** Opening Data for the task block **
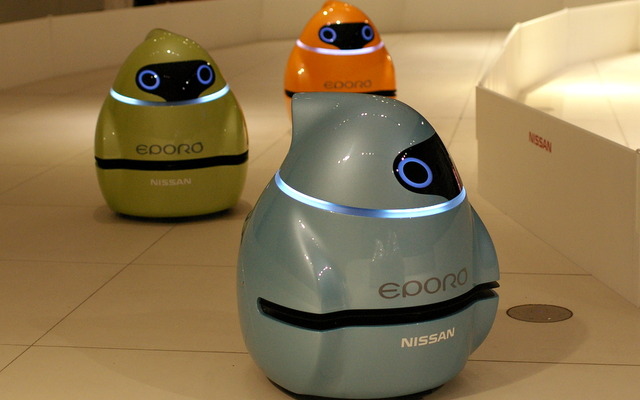 日産　ロボットカー　エポロ（EPORO）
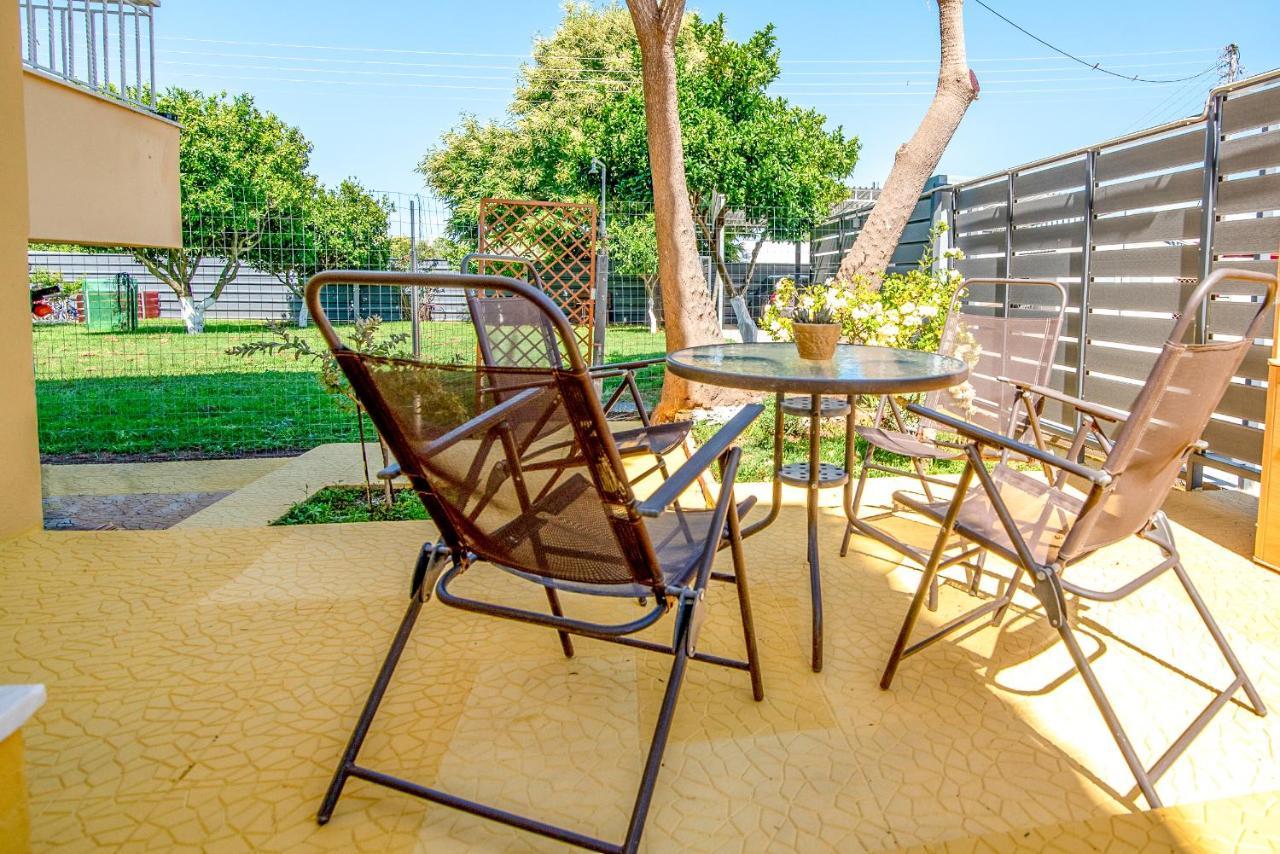 Pine Trees Apartment Превеза Екстериор снимка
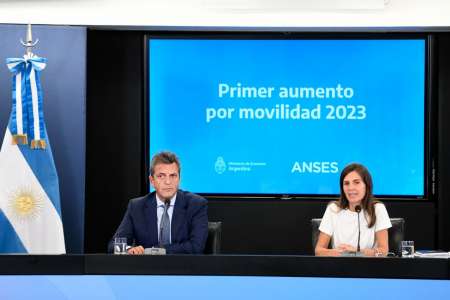 El Gobierno anunció un aumento del 21% y tres refuerzos para las jubilaciones y pensiones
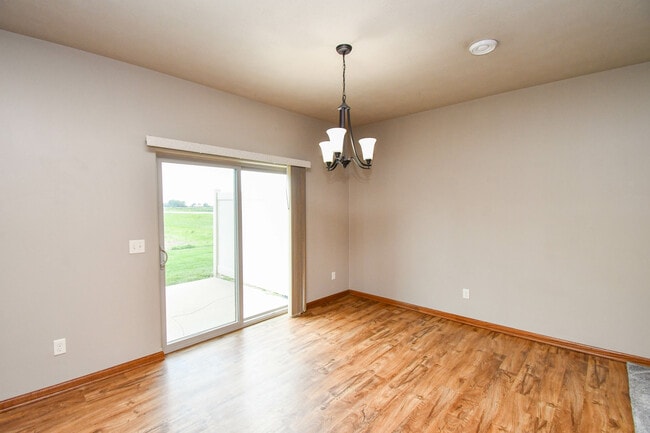 Building Photo - 8413 W 53rd St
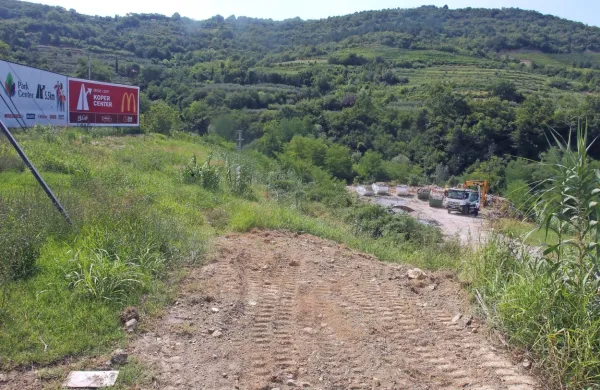 Izolska Komunala odstranjuje manjši del  gradbenih  odpadkov, večji del jih še vedno leži na bližnjih parcelah  Valterja Božiča. Bo 
inšpektor  tudi njihovo odstranitev naložil Komunali?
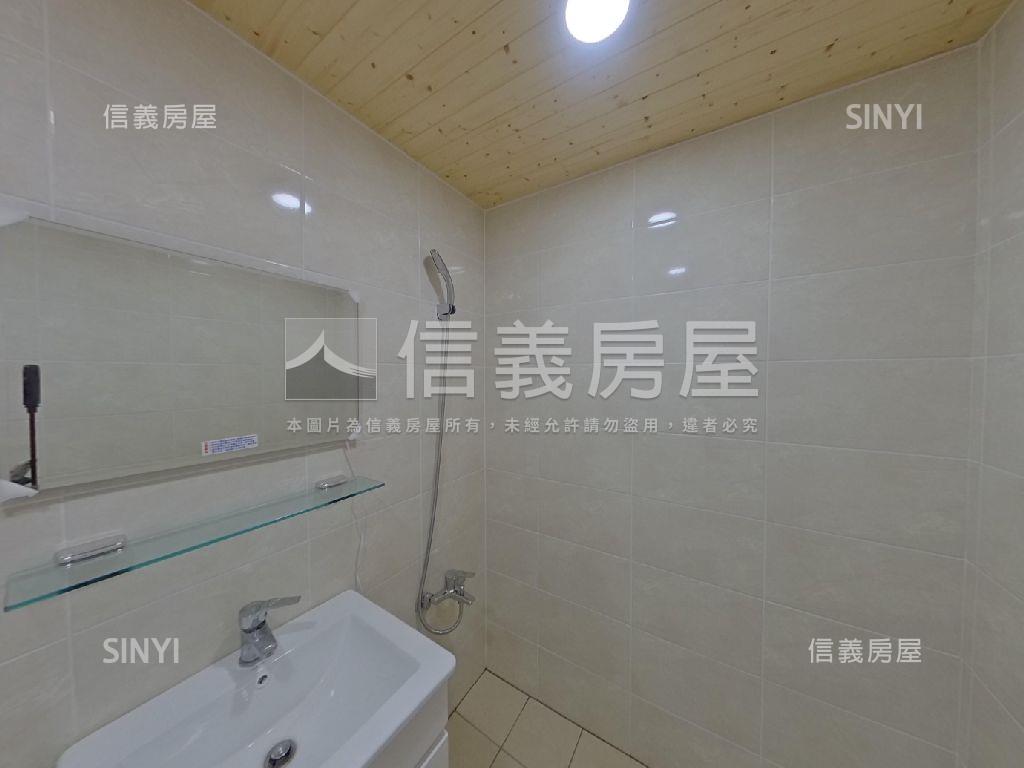 聖及第典雅三房房屋室內格局與周邊環境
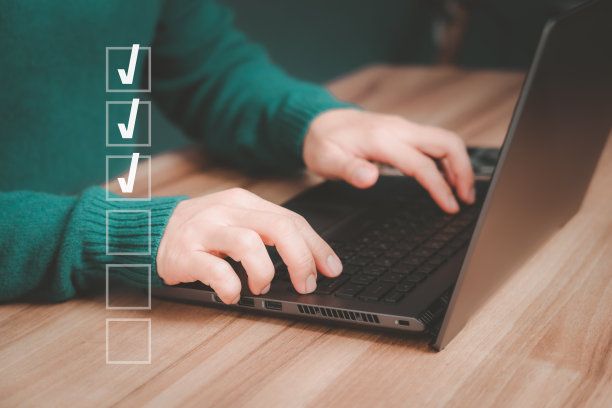 客户为文件批准和核对表规划概念打上正确的标记。参加测评、考试、教育、问卷、测评、在线调查等在线考试。图片下载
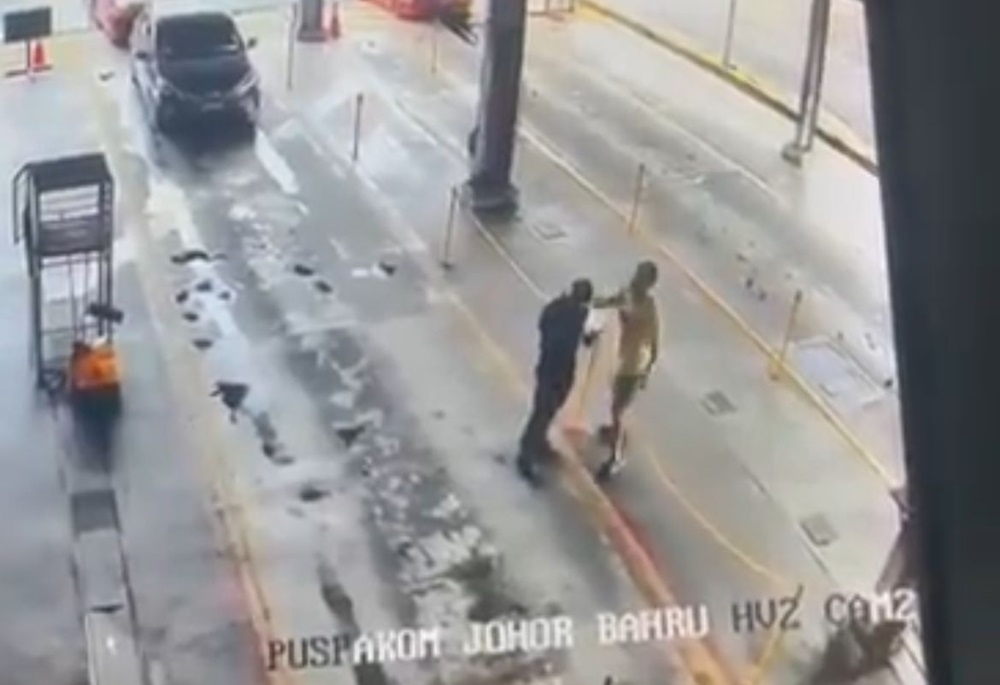 Man to be charged in JB for slapping Puspakom staff after lorry fails inspection
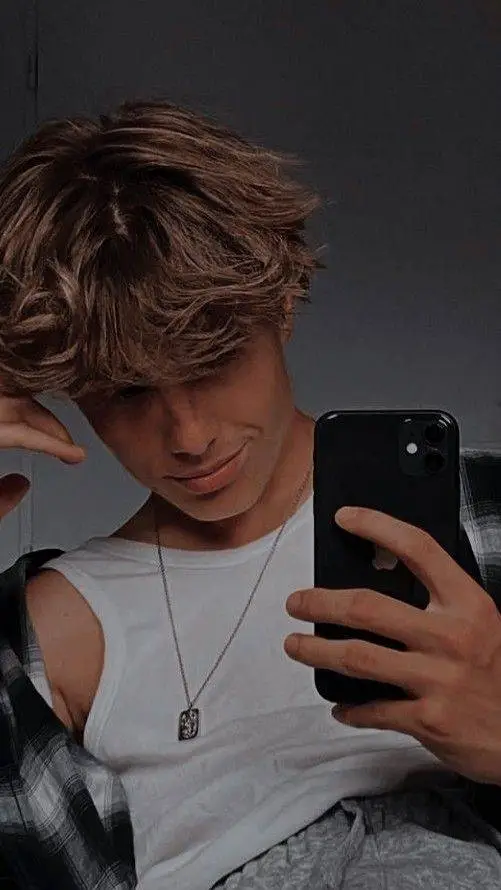 ai character: Alessio  background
** Closing Data for the task block **
What the task requires: Please give all of the data again, exact and free of pictures.

Response to the exercise:
 日産　ロボットカー　エポロ（EPORO）
 Pine Trees Apartment Превеза Екстериор снимка
 El Gobierno anunció un aumento del 21% y tres refuerzos para las jubilaciones y pensiones
 Building Photo - 8413 W 53rd St
 Izolska Komunala odstranjuje manjši del  gradbenih  odpadkov, večji del jih še vedno leži na bližnjih parcelah  Valterja Božiča. Bo 
inšpektor  tudi njihovo odstranitev naložil Komunali?
 聖及第典雅三房房屋室內格局與周邊環境
 客户为文件批准和核对表规划概念打上正确的标记。参加测评、考试、教育、问卷、测评、在线调查等在线考试。图片下载
 Man to be charged in JB for slapping Puspakom staff after lorry fails inspection
 ai character: Alessio  background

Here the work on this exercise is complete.